La statua alta 125 cm, riporta sul basamento l’iscrizione: “QVESTO S. ANTONIO / HA F. F. IL COMVNE DI / CAREGGINE E. PELLE / GRINO GERBINI NE / FV AVTORE. MDLXIII”.
Per questo fu erroneamente attribuita a un ignoto Pellegrino Gerbini, che invece fu promotore dell’opera per conto del comune di Careggine.
La statua è attribuibile all’architetto e scultore Vincenzo Civitali di Nicolao (Lucca 1523 – 1597), figlio di Nicolao (1482-1560) e quindi nipote del più famoso Matteo Civitali (1436-1502), fu architetto, orafo e scultore. Da non confondere con l’omonimo Vincenzo Civitali, cugino del padre Nicolao e figlio di Bartolomeo (detto Bertone), fratello di Matteo, ed autore, tra l’altro, di diverse icone lignee per chiese garfagnine.

La base, di 40 x 45 cm, presenta sul fianco destro il ritratto di Pellegrino Gerbini (?) in preghiera, e sul fianco sinistro una moltitudine di fedeli inginocchiati.

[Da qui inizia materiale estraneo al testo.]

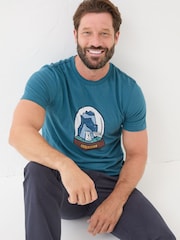 FatFace Teal Blue 100% Cotton Bear Snow Globe T-Shirt - Image 3 of 6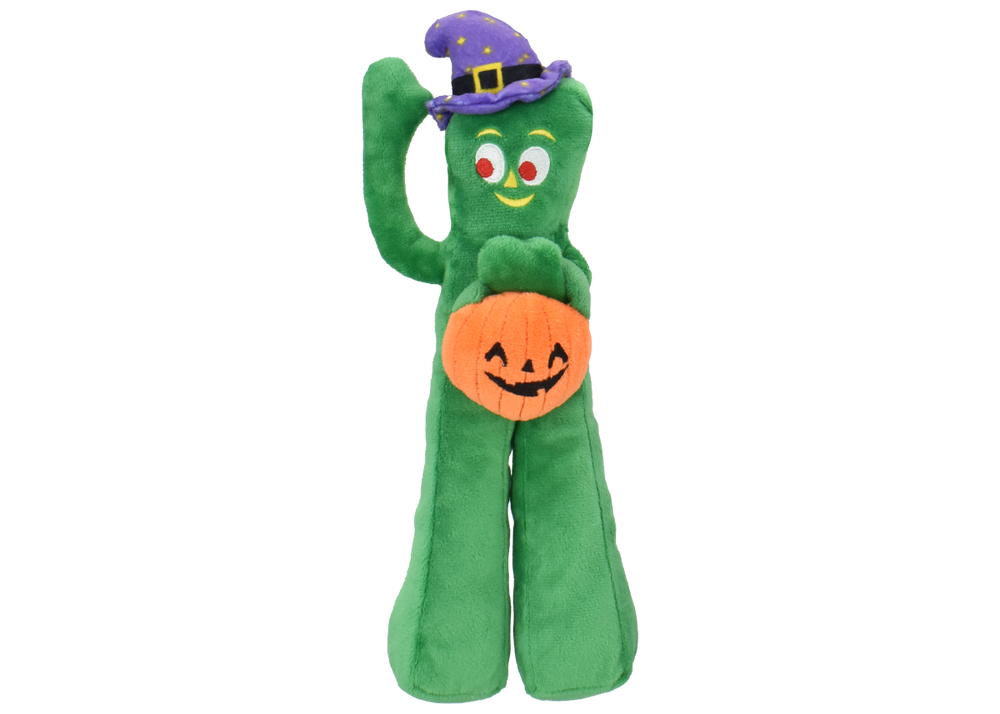 Multipet Halloween Gumby With Hat and Pumpkin Plush Dog Toy 10"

Sant’Antonio tiene nella mano sinistra un libro e nella destra un bastone cui è appesa una campanella.

 

 

 

La pieve, costruita intorno al VII-VIII secolo, periodo di dominazione longobarda, si presenta con una struttura risultato di rifacimenti che si sono susseguiti nel tempo. Ricordata nelle carte vescovili lucchesi fin dal 845, l’edificio sacro nel 995 ricevette il titolo di pieve. La chiesa è preceduta da un piccolo portico risalente al Settecento, mentre tracce della struttura romanica sono ravvisabili nella torre campanaria aperta nella cella da una bifora.

Link:
https://www.escursioniapuane.com/PaesiApuani/SchedaPaeseCareggine.html

https://catalogo.beniculturali.it/detail/HistoricOrArtisticProperty/0900062329

https://www.beweb.chiesacattolica.it/edificidiculto/edificio/82789/Careggine+%28LU%29+%7C+Chiesa+dei+Santi+Pietro+e+Paolo


 

 

Il Catalogo dei Beni culturali indica la presenza a Careggine – ma senza la precisa localizzazione – di un’altra statua raffigurante sant’Antonio abate, settecentesca.

Il Santo ha nella mano sinistra un bastone cui é appesa una campanella, la destar è sul cuore. Un maiale è ai suoi piedi a destra.